O Conselho de Ética e Decoro Parlamentar da Câmara dos Deputados instaurou, na tarde desta terça-feira (03/06), processo contra o deputado Paulo Pereira da Silva, o Paulinho da Força Sindical (PDT/SP), por quebra de decoro parlamentar – acusado de envolvimento em esquema de corrupção e propina envolvendo o Banco Nacional de Desenvolvimento Econômico e Social (BNDES).
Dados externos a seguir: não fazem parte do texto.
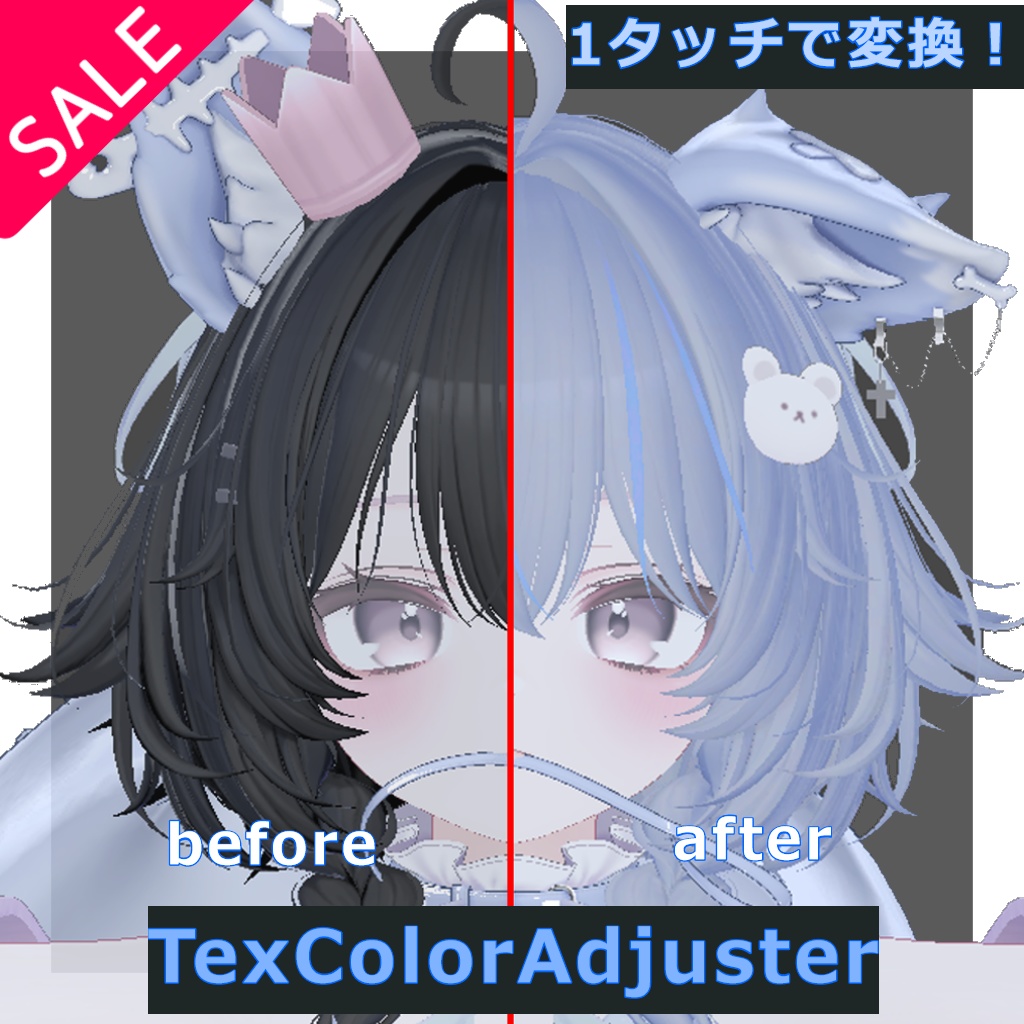 【3/21 23:59までSALE?】【VCC版対応】色合わせお助けツール!”TexColorAdjuster” v2.0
Por unanimidade, foi escolhido como relator o deputado Paulo Piau (PMDB/MG).
O PSOL protocolou, no dia 28 de maio, representação contra Paulo Pereira, que teria recebido R$ 325 mil para intermediar um empréstimo de R$ 124 milhões à Prefeitura de Praia Grande (SP) e participado de repasses de recursos para a ong Meu Guri, presidida por sua esposa, Elza Pereira, e para ong Luta e Solidariedade, dirigida pelo sindicalista Eleno José Bezerra, vice-presidente da Força Sindical e presidente do Sindicato dos Metalúrgicos de São Paulo. A representação do PSOL correrá apensada à da Corregedoria Geral da Mesa, protocolada um dia antes.
Conforme o regimento interno, com a instauração do processo no Conselho de Ética, o deputado Paulo Pereira não pode mais renunciar ao mandato. Ele poderá apresentar sua defesa em até cinco sessões do Conselho. O relator tem até 90 dias pra emitir parecer e já adiantou que tentará começar a ouvir testemunhas e o próprio deputado representado na próxima semana.
Além disso, o ministro do Supremo Tribunal Federal (STF) e presidente do Tribunal Superior Eleitoral (TSE), Carlos Ayres Britto, informou que até o final desta semana deve anunciar a decisão sobre o inquérito contra Paulo Pereira da Silva.